The board says reduced second-half cash inflows, mainly from Onyx, and the need to protect the balance sheet made that unavoidable. That is a negative signal, but I think it is also a realistic one. When a trust is carrying too much debt, pretending the dividend is sacred can destroy more value later.
SEIT says regular dividends will be suspended during the wind-down until the revolving credit facility, or RCF, has been significantly repaid. It may still use dividends, buybacks or B shares later as methods of returning capital, and it will keep paying dividends only as necessary to maintain investment trust status.
This is where the strategic problem becomes obvious. SEIT had £233 million drawn on its RCF at 31 March 2026, and although there was no covenant breach, the company had already exceeded its own 65% gearing limit set by investment policy.
Consolidated gearing reached 83.1% of NAV at year end. After the post-year-end disposal and repayment of £45 million of the RCF, pro forma gearing dropped to 74.5% of NAV – better, but still too high.
That matters because some assets need follow-on funding to protect or grow value. The board is effectively saying it cannot comfortably keep funding those needs while the shares trade at a deep discount and debt remains elevated.
The proposed managed wind-down is the headline event here. Shareholders will vote on 10 July 2026 on changes to the investment policy and articles so the company can shift from owning and growing assets to selling them and returning cash.
The preferred route is a sale of the whole portfolio, because that could be quicker. If that cannot be achieved on acceptable terms, SEIT will sell assets one by one or in groups, which the board openly warns could take a number of years.
My take is simple: this is a forced move, but not necessarily a disastrous one. The shares closed at 41.5p on 31 March 2026, far below the 77.8p NAV per share. If disposals are done sensibly, shareholders could still do better than the market currently expects. The catch is time, execution risk and the possibility that buyers remain selective.
Not everything in this update is ugly. The portfolio still produced £84 million of investment cash inflow, and the weighted average contracted investment life was 14.9 years. That means many revenues are still backed by long-term contracts.

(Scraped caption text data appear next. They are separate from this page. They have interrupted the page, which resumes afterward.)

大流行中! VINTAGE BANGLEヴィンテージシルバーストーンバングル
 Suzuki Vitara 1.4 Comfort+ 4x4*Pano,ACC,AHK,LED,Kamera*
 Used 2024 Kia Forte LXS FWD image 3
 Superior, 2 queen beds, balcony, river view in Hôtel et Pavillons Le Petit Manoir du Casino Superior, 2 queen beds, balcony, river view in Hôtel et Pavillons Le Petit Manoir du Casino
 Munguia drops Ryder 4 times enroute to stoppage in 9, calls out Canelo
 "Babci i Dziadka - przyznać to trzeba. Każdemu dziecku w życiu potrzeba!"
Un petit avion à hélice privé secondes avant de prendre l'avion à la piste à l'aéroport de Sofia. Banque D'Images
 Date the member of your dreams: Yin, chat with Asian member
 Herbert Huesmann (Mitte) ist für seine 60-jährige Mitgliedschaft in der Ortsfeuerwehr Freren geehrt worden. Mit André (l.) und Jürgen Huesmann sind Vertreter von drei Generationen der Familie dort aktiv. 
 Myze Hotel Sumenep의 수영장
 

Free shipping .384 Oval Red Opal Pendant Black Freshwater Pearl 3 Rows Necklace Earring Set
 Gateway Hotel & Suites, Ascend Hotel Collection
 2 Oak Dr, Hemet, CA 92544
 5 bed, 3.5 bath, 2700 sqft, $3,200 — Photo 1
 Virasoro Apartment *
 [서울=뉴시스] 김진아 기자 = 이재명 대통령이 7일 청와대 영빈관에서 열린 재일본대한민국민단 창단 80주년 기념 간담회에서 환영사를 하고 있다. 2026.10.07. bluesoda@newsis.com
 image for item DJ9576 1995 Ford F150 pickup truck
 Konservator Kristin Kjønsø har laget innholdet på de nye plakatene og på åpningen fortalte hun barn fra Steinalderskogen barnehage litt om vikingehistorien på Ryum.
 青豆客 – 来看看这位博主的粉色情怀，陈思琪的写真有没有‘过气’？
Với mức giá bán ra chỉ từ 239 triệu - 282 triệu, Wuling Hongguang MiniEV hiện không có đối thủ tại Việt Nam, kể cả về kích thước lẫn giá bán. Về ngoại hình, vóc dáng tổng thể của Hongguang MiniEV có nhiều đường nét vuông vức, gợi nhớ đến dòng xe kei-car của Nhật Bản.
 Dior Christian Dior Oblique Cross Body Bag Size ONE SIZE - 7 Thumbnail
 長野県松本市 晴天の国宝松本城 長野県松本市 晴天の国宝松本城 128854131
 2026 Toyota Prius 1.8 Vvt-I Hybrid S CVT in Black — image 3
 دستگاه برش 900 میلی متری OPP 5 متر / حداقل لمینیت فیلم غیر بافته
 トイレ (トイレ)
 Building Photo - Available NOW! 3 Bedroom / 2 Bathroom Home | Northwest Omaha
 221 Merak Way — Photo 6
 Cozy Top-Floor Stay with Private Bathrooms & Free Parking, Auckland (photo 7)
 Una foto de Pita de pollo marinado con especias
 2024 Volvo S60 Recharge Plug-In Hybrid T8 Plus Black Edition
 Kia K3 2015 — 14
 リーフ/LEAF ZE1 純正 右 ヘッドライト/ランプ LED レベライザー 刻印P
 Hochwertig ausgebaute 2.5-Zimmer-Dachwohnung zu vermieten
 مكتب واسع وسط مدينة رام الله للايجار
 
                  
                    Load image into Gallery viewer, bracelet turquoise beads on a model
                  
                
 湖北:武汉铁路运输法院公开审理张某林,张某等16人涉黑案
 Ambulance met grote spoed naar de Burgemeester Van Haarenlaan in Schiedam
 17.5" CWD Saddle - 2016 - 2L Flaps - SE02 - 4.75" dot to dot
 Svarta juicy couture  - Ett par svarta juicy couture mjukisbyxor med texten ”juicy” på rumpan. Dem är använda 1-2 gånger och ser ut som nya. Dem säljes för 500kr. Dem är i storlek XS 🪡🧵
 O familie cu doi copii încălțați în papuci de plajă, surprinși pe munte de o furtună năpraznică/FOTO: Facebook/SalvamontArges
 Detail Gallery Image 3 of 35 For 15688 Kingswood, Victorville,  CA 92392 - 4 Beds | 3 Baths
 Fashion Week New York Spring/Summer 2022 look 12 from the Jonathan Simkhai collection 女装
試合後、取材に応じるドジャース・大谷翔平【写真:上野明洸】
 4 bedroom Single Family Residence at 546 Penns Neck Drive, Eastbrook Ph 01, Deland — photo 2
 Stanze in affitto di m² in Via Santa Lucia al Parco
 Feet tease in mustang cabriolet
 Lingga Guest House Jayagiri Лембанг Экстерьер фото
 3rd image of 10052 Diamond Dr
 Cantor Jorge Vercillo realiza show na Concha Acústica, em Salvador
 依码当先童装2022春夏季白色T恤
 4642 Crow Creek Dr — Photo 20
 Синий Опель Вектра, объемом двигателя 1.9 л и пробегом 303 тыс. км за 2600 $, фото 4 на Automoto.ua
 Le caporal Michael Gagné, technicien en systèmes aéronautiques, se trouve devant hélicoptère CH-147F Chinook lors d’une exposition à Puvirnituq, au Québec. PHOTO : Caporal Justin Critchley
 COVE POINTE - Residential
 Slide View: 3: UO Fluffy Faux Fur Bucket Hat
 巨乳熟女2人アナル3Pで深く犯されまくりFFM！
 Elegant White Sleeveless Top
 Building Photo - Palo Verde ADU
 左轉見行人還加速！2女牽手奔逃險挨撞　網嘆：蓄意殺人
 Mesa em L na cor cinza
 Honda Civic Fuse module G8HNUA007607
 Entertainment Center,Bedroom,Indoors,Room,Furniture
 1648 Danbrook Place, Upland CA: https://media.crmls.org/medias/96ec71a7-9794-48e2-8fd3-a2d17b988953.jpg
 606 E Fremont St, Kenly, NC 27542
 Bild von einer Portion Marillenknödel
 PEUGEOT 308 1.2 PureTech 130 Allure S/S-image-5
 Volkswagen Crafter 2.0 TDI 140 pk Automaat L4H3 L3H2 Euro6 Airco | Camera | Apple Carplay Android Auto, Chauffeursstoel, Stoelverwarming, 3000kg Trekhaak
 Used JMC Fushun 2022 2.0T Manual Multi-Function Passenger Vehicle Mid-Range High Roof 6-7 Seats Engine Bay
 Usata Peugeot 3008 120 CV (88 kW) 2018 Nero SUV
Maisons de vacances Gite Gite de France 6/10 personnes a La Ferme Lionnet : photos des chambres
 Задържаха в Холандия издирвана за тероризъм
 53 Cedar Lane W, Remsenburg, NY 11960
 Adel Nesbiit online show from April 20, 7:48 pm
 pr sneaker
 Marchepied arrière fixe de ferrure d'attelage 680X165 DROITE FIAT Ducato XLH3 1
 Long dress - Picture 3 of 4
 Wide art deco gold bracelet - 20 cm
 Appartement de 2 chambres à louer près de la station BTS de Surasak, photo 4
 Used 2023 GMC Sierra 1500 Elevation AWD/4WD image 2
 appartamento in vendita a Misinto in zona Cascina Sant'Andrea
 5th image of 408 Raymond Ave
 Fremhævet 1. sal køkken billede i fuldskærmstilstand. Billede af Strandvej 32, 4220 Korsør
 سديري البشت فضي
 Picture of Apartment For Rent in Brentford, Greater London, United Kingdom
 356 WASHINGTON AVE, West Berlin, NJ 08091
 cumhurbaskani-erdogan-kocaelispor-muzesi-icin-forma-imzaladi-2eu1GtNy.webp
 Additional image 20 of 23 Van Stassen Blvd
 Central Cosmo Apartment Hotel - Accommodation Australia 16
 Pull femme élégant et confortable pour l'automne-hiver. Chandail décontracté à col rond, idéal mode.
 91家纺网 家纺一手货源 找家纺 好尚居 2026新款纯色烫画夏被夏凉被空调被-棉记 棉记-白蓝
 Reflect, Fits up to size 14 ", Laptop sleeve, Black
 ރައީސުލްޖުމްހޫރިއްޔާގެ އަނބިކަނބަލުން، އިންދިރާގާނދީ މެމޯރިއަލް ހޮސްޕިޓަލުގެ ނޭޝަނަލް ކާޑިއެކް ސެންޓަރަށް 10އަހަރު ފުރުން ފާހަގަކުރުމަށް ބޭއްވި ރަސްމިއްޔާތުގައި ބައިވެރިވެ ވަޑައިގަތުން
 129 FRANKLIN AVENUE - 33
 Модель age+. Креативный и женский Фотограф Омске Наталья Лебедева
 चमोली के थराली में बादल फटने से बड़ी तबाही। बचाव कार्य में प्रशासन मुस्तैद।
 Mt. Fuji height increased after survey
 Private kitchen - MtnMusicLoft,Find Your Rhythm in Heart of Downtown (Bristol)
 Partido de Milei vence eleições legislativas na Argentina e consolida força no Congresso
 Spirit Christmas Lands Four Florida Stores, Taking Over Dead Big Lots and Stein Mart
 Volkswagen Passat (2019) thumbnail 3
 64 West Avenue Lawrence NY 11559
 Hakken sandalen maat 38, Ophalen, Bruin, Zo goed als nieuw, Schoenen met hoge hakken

There were also signs of resilience across major assets. Driva grew EBITDA to SEK 83.7 million from SEK 73.3 million, RED-Rochester stayed broadly stable operationally, and Primary Energy remained in line with budget at USD 37.7 million of EBITDA. Onyx underperformed budget, but still moved more projects through construction and operation.
SEIT also completed disposals. ON Energy was sold at an 18.75% premium to carrying value, while the Kyotherm disposal completed at around 9% below carrying value at 30 September 2025. That mixed picture tells you something useful: assets can be sold, but pricing is patchy.
The auditor’s report was unqualified, which is fine, but it also included a material uncertainty related to going concern. That stems from the proposed wind-down, uncertain timing of asset sales, and upcoming shareholder votes.
This does not mean SEIT is collapsing tomorrow. It does mean the future structure of the company is uncertain enough that the auditor felt it had to be highlighted clearly. Retail investors should take that seriously.
This annual results statement is negative on income, negative on NAV, and negative on balance sheet flexibility. There is no sugar-coating that. The old SEIT equity story has broken down.
But there is still a live value case if you believe the portfolio can be sold for materially more than the share price implies. The company’s own message is that the assets are worth more than the market capitalisation suggests, and the entire strategy now revolves around proving that through disposals.
So the investment case has changed completely. This is no longer about collecting a steady dividend from energy efficiency assets. It is now about whether management can shrink debt, sell well, and hand cash back before value leaks away. That could work, but it is firmly in the special situations bucket now, not the sleepy infrastructure income bucket it once wanted to be.